◆ **YOUR OBJECTIVE**:
Under this line is a listing; return exactly the lines starting at the one with "Funny Christmas Frog" and running down to the one with "Drawerドゥロワー コットンタックサロペットスカート 黒36キャミ", and leave out its pictures.

START DATA SUPPLIED

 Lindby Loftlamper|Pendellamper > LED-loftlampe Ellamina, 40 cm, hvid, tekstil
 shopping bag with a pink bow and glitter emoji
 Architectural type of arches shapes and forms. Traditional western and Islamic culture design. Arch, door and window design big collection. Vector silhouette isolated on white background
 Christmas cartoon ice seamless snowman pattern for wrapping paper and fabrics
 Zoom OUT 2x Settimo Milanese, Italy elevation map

END DATA SUPPLIED
START DATA SUPPLIED

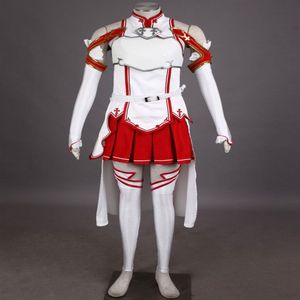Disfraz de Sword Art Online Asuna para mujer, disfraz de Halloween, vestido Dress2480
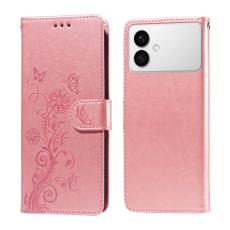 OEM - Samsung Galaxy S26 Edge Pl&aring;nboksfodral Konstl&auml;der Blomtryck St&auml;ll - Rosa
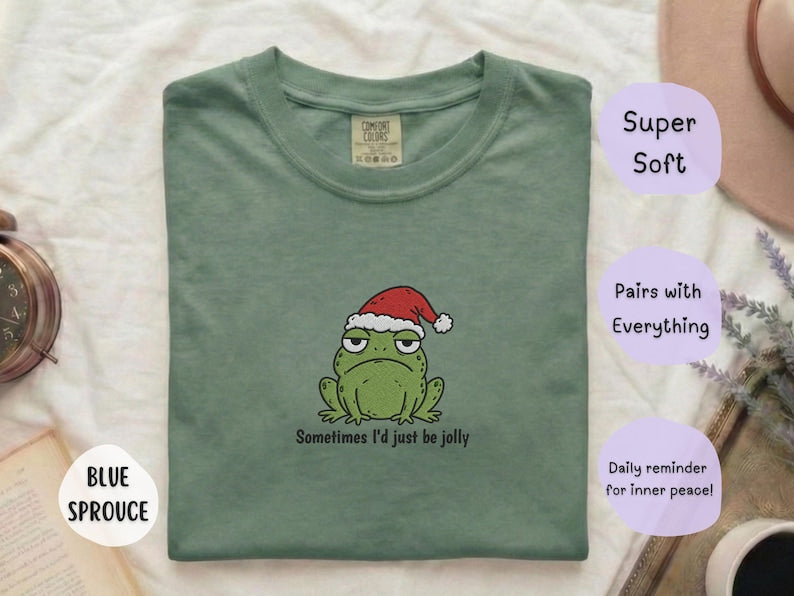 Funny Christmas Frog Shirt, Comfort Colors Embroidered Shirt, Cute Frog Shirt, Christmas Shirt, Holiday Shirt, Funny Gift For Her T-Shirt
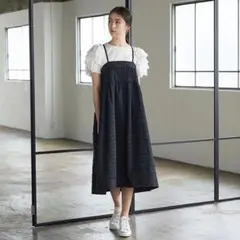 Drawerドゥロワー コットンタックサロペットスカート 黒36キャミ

END DATA SUPPLIED
START DATA SUPPLIED

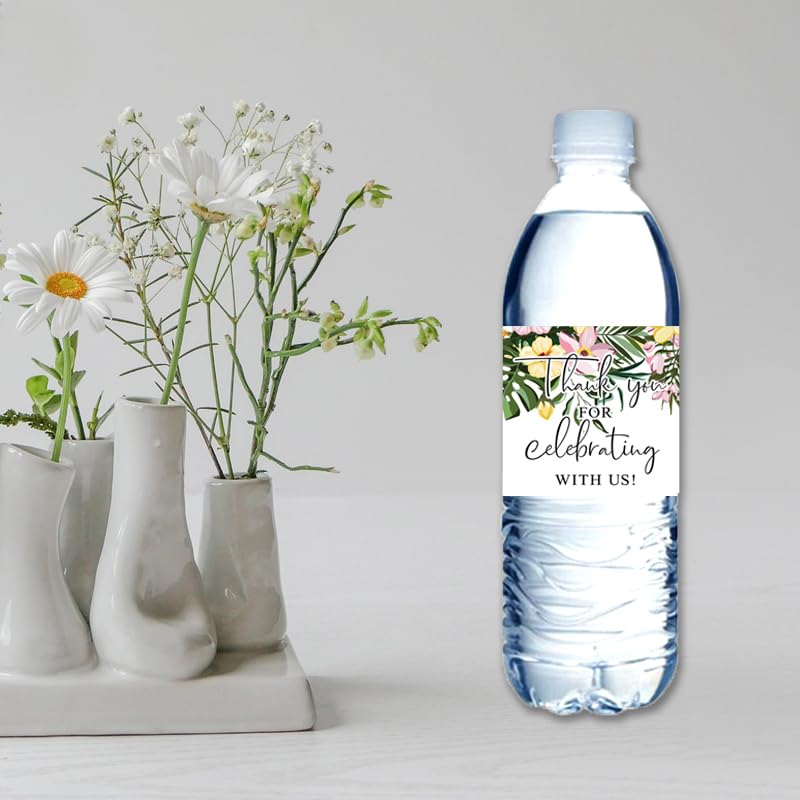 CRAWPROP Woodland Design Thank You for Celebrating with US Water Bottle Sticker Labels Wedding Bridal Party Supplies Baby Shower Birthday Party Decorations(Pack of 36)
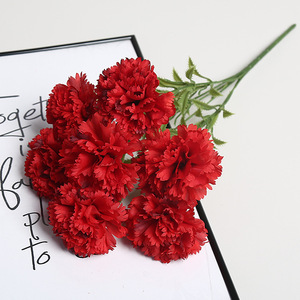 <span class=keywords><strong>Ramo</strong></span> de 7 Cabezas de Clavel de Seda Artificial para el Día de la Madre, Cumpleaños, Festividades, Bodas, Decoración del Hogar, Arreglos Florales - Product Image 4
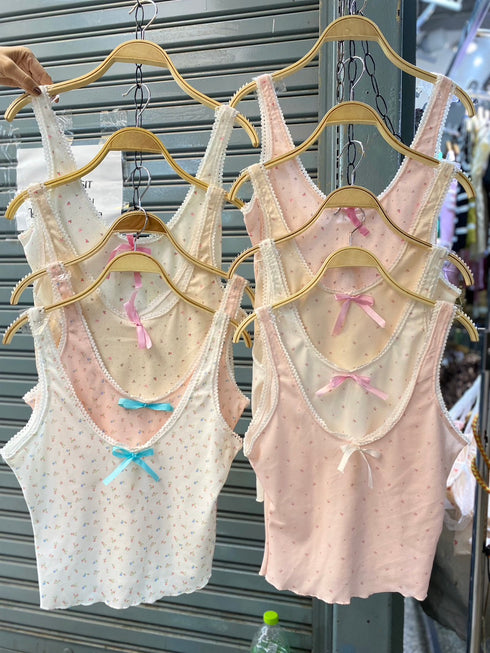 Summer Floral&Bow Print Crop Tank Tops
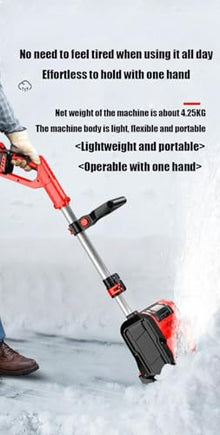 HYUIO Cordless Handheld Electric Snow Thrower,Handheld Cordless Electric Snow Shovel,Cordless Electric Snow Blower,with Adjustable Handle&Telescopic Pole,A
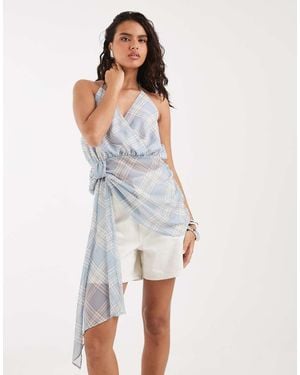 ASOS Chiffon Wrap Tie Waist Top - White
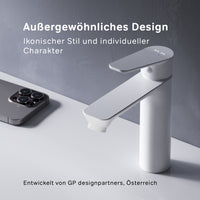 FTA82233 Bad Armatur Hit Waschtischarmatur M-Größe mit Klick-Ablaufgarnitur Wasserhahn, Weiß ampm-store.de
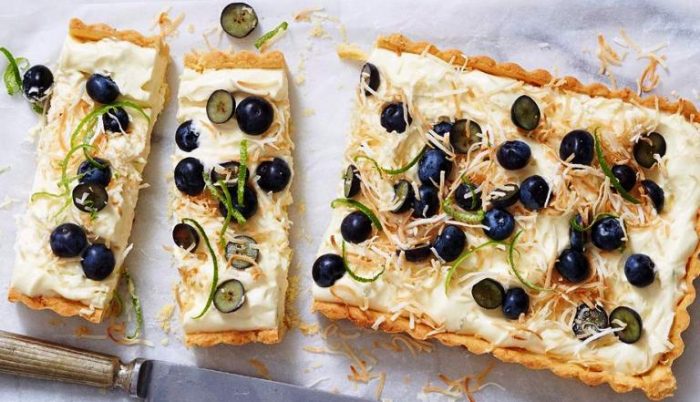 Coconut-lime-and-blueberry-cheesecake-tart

END DATA SUPPLIED

◆ **SOLUTION**:
 Funny Christmas Frog Shirt, Comfort Colors Embroidered Shirt, Cute Frog Shirt, Christmas Shirt, Holiday Shirt, Funny Gift For Her T-Shirt
 Drawerドゥロワー コットンタックサロペットスカート 黒36キャミ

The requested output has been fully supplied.